SE: Wildcats Take in 'Hidden Figures,' Reflect on Movie's Importance
Feb 14, 2017 | Women's Basketball
K-State Athletics celebrates Black History Month by honoring the trailblazing achievements of past African-Americans as well as recognizing current events and activities that tie into the month's significance.
(In case you missed the first part of this series: K-State led charge in breaking racial barriers.)
In the middle of “Hidden Figures,” the Oscar-nominated movie about African-American women’s vital role at NASA during the space race, Karyla Middlebrook whispered something to Breanna Lewis that stood out.
It wasn’t the complex math being done, or the fact that African-American women were the people doing it in the 1950s and ‘60s, when segregation was still alive and gender roles in the workplace were much different than today.
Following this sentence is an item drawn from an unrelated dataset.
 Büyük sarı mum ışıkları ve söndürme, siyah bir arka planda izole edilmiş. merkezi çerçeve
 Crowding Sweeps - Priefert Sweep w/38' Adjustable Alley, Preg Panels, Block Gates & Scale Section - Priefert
What caught the attention of Middlebrook, a junior for the K-State women’s basketball team, was a series of scenes involving Katherine G. Johnson, one of the movie’s main characters. Johnson, after being assigned to a project in the Maneuver Loads Branch of the Flight Research Division, was forced to run more than half a mile from her working space to use a bathroom designated for African-Americans.
“I was sitting next to Bre and I was, like, ‘I don’t think I could’ve done that,’” Middlebrook said. “The discipline to not give up, even through little things like that, it kind of forces you to appreciate what people before you have done, just for simple things like being able to go to the bathroom right next to your desk.”
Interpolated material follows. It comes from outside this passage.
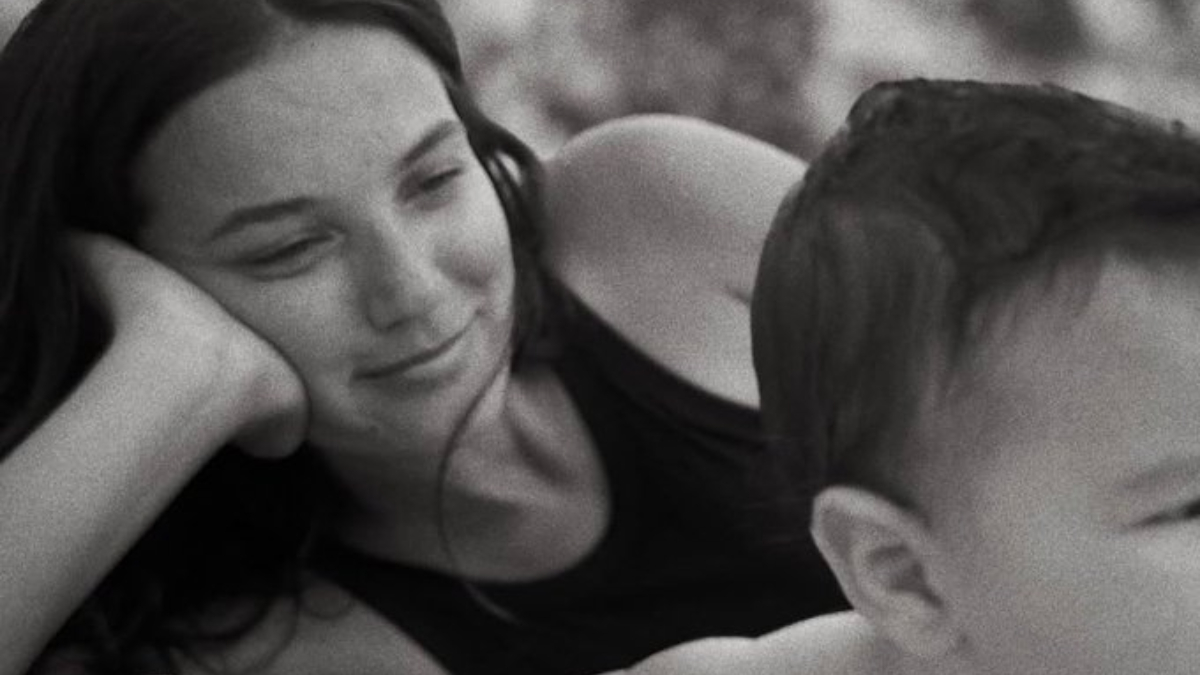 Pınar Deniz'in Kaan Yıldırım ile Aile Anları: Oğlu Fikret Hakan ile Paylaşılan Özel Kareler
Middlebrook and Lewis were part of a group of K-State student-athletes to take in the movie at the Carmike Town Center and IMAX Theatre in Manhattan on Sunday. Each came away inspired in some way.
“I just think it was a great movie. I learned a lot. It informed me on a lot of things I didn’t know about,” K-State track and field sophomore Devie Freeman II said. “It’s Black History Month, too, so this is the perfect time to watch this movie and kind of put a tribute to African-Americans who did things in the past that comes to light now.”
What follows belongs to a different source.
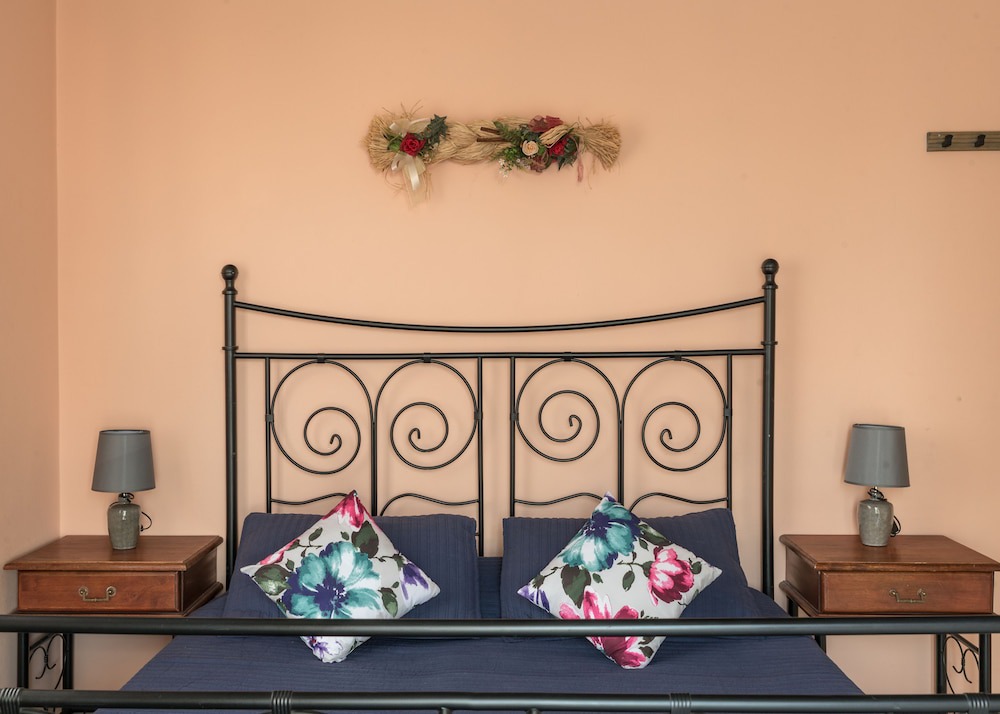 Photo of Bedroom in Mouzaki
“You get to this point in life, you grow up and you just see far we have come,” added Justin Davis, a freshman for the K-State track and field team. “It just makes us realize how much we’ve accomplished and how much we can do in the future.”
The movie, based on a best-selling book released in 2016, centers around three characters: Dorothy Vaughan, the first African-American female supervisor at NASA — NACA until 1958 — where she was also a leading engineer; Mary Jackson, who fought through school segregation to become NASA’s first African-American female engineer; and Johnson, whose work at NASA played an integral role in Alan Shepard’s journey to space, John Glenn’s orbit around the Earth and eventually Neil Armstrong’s moon landing.
Lewis, a senior for the women’s basketball team, complimented the movie for showing the behind-the-scenes work that made all of these historical achievements possible.
“‘Hidden Figures,’ it’s a great title for the movie because you see everyone who’s on TV and who’s part of things like that but you never see the people who are behind the scenes,” she said. “It informed me of things that went on behind the scenes at NASA and how it was to work there while being African-American and being part of something so big. For them to be able to succeed and to see how hard they had to work, it was really eye opening.”
Even if it was for only a few minutes, the two-hour movie put life into a different perspective for each of the Wildcats.
“It really gives me an appreciation for how grateful I am to not have to go through that and how it’s easier to get further now,” Lewis said. “They had to work harder, way harder than us, and to do that and be so successful, that was good to see.”
“For me, personally, it was very inspirational because the women in that movie, they didn’t let other people dull their shine,” Middlebrook said. “They knew their worth, they knew what they were capable of and they just found a way to do what they knew they could do. That was very inspirational.
“I think it’s really important, especially with everything going on right now, just to really look back and remember the times when things were more segregated and when we didn’t value every human being for just being a human being and realize we can’t make any regress into that. We just have to keep progressing forward. Hopefully a movie like that can help people see that more.”
Davis came away from the movie with “a lot” on his mind but said he would take one overlying theme from it.
“Never take no for an answer. If you know you can do something, then shoot for it,” he said. “Don’t ever let someone say you can’t do something.”